Couchdrop storage settings for Amazon S3 bucket connectivity

  1. Next, add an SFTP user to the Couchdrop account - navigate to the Couchdrop Users area

  2. Click Create New User, specify a username, set a password, ensure Allow SFTP/SCP/Rsync is enabled, and click Save User Settings

Couchdrop key or account settings for the SFTP interface

  1. Take note of the username and password you set - these are the credentials we will use in the Microsoft Power Automate (Flow) SFTP connector

Microsoft Power Automate (Flow) SFTP Connector Setup

The final step is setting up an SFTP Connector in Power Automate that points to your Couchdrop setup. At this point, the Power Automate (Flow) setup is just like any other SFTP connector setup (thanks to Couchdrop). Once done, Power Automate “speaks” SFTP to Couchdrop and Couchdrop translates that into S3 API commands for Amazon storage buckets.

  1. Add an “SFTP - SSH” Action to your flow (using the Power Automate Editor) and create a new SFTP - SSH Connector

  2. Configure the connector as follows (add the username/password from Couchdrop) and specify as the Host server address

Microsoft Power Autoamte or Flow SFTP - SSH connector settings to access Couchdrop

  1. The SFTP - SSH connector and Couchdrop both support additional SFTP security features like key-based authentication and host key finger print validation. For more information on using an SSH private key for authentication, see here and here. For host fingerprint validation, see here.

  2. Add other logic to your flow that leverages the SFTP - SSH connection; you can use actions like “List file in root folder”, “List files in folder”, “Copy file”, “Delete file”, etc.

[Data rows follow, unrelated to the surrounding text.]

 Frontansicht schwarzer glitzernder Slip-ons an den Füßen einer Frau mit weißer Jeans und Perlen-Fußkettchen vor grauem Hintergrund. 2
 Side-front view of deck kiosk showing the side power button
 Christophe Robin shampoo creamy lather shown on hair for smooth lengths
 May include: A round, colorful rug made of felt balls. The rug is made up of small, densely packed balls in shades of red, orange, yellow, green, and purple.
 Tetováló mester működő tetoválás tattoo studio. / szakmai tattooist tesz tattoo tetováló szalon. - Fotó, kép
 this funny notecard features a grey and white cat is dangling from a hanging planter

Side by side comparison of S3 bucket content and “List files in folder” connector content in MS Power Automate or Flow

Closing thoughts

Depending on your requirements, Couchdrop is a great way to interface Microsoft Power Automate or Flow with Amazon S3 (for read and write operations). There is a cost, which starts at $50 per month ($10/user/month x 5 user minimum commitment). In my opinion, this cost is lower than if you:

  • Spin up an Amazon EC2 Linux instance and use something like s3fs-fuse to provide an SFTP interface to S3 storage. The cheapest ec2 instances are ~$4-5/month (if run continuously) and this does not include the setup/configuration (i.e. sftp and s3fs-fuse) and ongoing maintenance required to remain secure and operational.

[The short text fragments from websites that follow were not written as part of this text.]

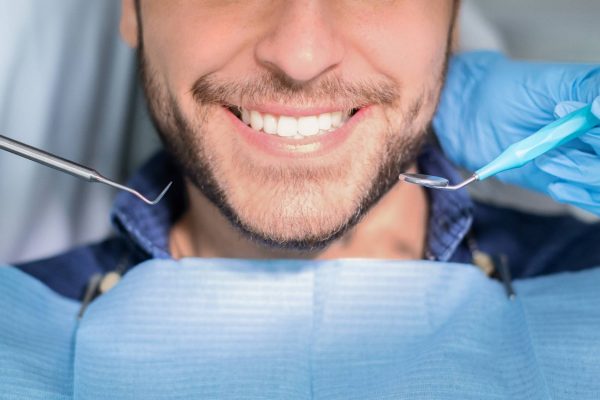 A man with a dental bib smiles, revealing a white, straight smile, as gloved hands with dental tools hover near his face.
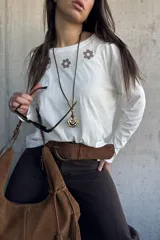Remera blanca de manga larga con detalles bordados de flores en marrón en la parte superior frontal.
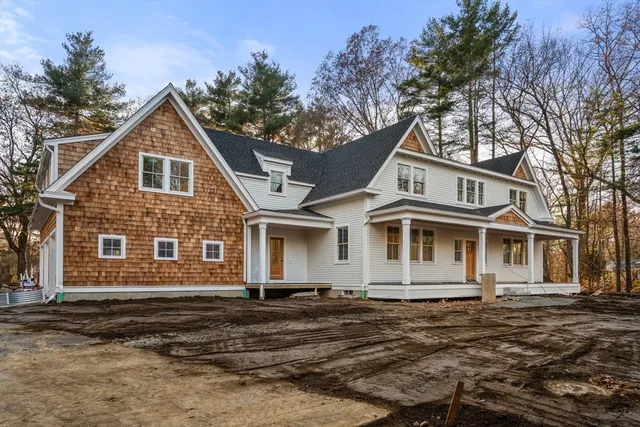 a front view of a house with yard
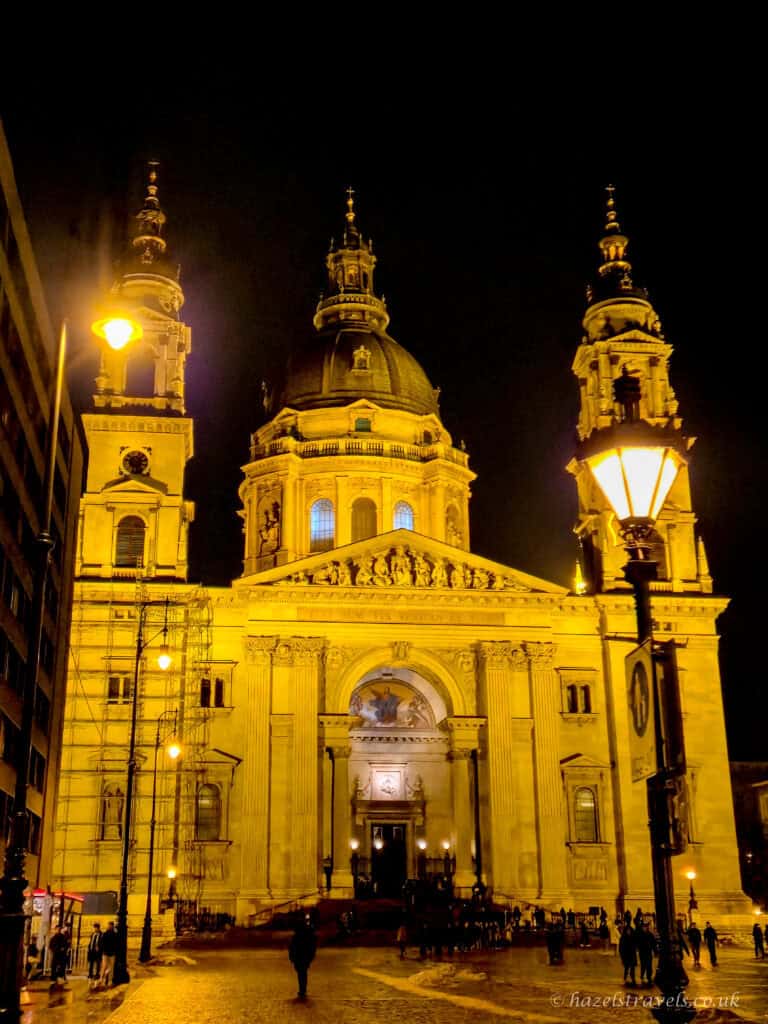 St. Stephen’s Basilica in Budapest at night, with twin bell towers and a large central dome glowing golden under floodlights, people gathered in the square below against a dark winter sky.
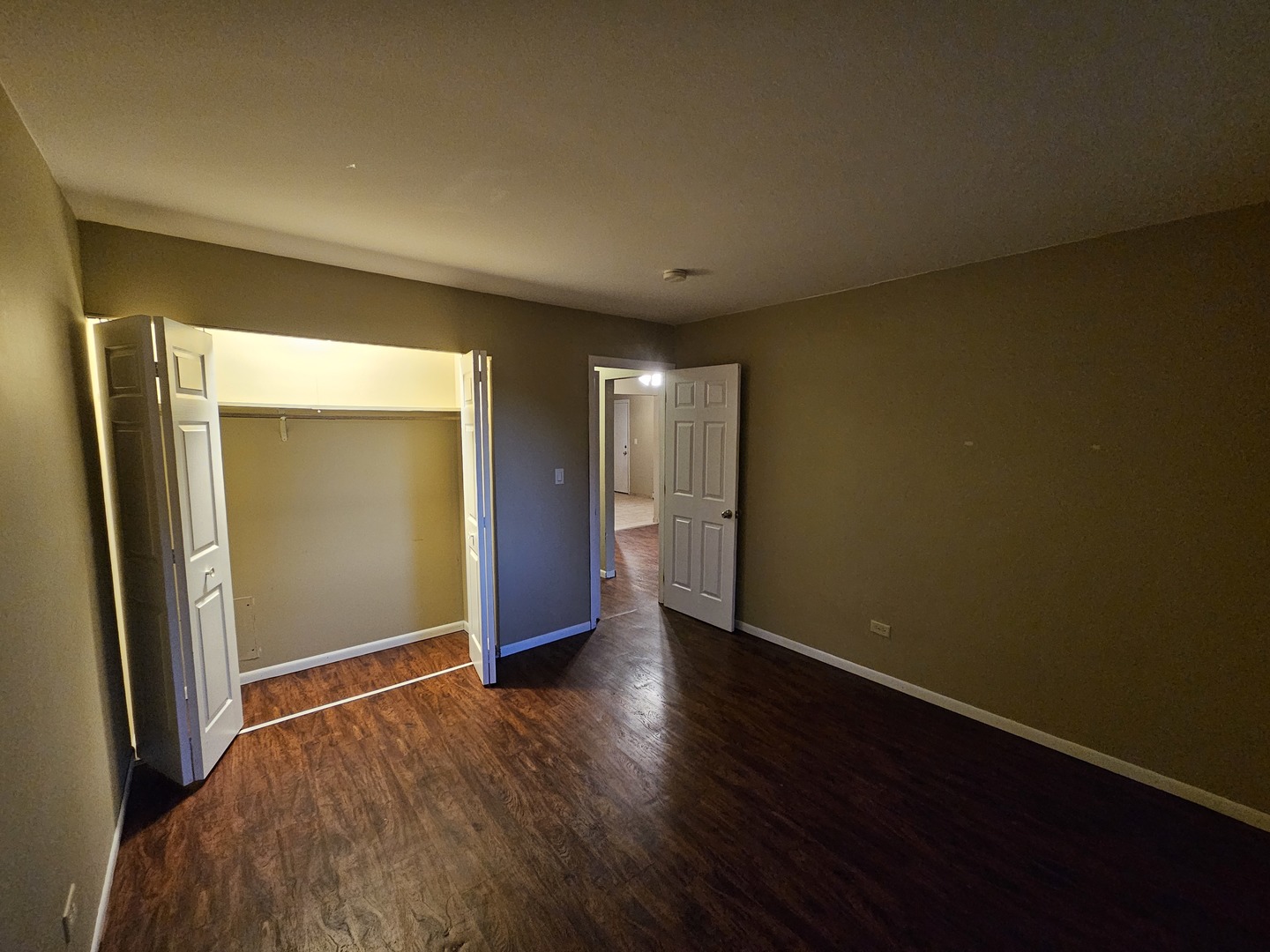 737 Lippert Lane, Unit 2N Glendale Heights, IL 60139 - Photo 12 of 15 an empty room with wooden floor and windows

  • Subscribe to AWS Transfer for SFTP, which is Amazon’s native service to connect to S3 buckets via SFTP. The functionality is appealing on the surface, but the cost can be high (~$220/month minimum if run continuously) compared to the other options. But, AWS Transfer for SFTP starts to compete with Couchdrop if you have ~20 SFTP users or more.

If I needed write access to Amazon S3 for a small number of users, I would personally choose Couchdrop based on cost and ease of use (no ongoing maintenance and simple upfront configuration).

If I only needed read access (pull files/content from S3 using Power Automate), I would consider the native Amazon S3 connector (depending on the number of users and whether or not I already owned a paid Power Automate license). Currently, the overall cost of Power Automate license for a single user ($15/user/month) is lower than the cost of Couchdrop ($50/month for five users), because of the commitment.

It is worth noting that Microsoft Azure offers blob storage and CDN service (similarly to Amazon Web Services), and there IS a Power Automate (Flow) connector for Azure blob storage. If you are not bound to Amazon, hosting your static site with Azure and interfacing with it using the native Power Automate (Flow) connector is an option as well.